Savannah, Georgia is a popular tourist destination. Located in the sunny south, the temperature ranges from blazing hot to pleasantly warm for most of the year. Savannah is also famous for its St. Patrick’s Day festival and parade, the second largest in the country after New York City. There are lots of things to do in Savannah, and much of it doesn’t require spending a lot of money, especially if you are visiting to experience the history of the city. Savannah is a walking city; you don’t really need a car to get around the historic district. You can easily walk all over the historic district in less than a day, although it takes much longer than that to take it all in.
Walking down River Street is like taking a step back into another age. The street is cobblestone, something that isn’t often found in the States, and the buildings are old, most dating from the eighteenth or early nineteenth century. There are a lot of pubs to choose from on River Street. This may be partly why the city is such a draw for St. Patrick’s Day.

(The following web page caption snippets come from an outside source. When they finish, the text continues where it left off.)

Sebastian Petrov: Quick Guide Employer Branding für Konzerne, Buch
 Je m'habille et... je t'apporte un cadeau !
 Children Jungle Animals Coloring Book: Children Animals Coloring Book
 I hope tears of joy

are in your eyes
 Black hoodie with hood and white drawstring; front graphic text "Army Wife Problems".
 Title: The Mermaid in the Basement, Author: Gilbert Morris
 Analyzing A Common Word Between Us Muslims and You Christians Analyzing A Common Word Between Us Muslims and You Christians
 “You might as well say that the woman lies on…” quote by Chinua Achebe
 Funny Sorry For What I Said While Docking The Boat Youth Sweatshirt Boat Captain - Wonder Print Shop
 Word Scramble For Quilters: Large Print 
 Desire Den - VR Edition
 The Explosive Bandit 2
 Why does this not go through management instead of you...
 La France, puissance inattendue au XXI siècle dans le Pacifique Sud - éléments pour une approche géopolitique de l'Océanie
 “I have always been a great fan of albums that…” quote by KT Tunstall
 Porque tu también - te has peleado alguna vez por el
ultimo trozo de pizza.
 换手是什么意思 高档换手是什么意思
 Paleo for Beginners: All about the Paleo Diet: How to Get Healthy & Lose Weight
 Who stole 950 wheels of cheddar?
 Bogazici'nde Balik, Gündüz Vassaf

Here you can watch the massive freight ships enter the port of Savannah with the Talmadge suspension bridge as a beautiful back drop. Some of the ships are so large that it doesn’t seem as if it should be possible for them to be in the river in the first place. There are many statues along the river. One of the most famous is the Waving Girl statue located at the east end of River Street. It commemorates a woman, Florence Martus, who came everyday for forty-six years to wave at the ships that came into the river.
Once long ago, pirates and sailors, fishermen and merchants, walked along this same street. There is an old Tavern, known as the Pirates’ House that is located near the east end of River Street at 20 E. Broad; it is now a restaurant. It was here that legend has it that pirates came and drank their rum, and abducted unwitting sailors, forcing them to sail as far a field as China before they were allowed to return home.
If pirate rum isn’t your forte, there are also plenty of candy shops on River Street. These shops too are located in historic buildings. Savannah Candy Kitchen and River Street Sweets are two of them. The candy is homemade and there is a lot to choose from. The candy isn’t very cheap because it is homemade (and oh so good!), but you may want to treat yourself to a piece or two, to fortify yourself before you attempt to climb up the extremely steep stairs to Bay Street. The steps up from River Street are treacherous and I recommend extreme caution when climbing them. If it is difficult for you to climb normal stairs, don’t even attempt climbing these. If so, I recommend entering and exiting River Street at either end of it, where there is level street access.
A big draw for tourists, City Market encompasses the blocks between Jefferson and Barnard St. on the east and west and W. Bryan and W. Congress on the north and south. City Market is very quaint and the horse drawn carriage rides begin and end there. You can often see the horses drinking water in the middle of the market, resting in-between rides. From City Market it is easy to walk either south or east and find yourself in many squares that run every other block for many blocks.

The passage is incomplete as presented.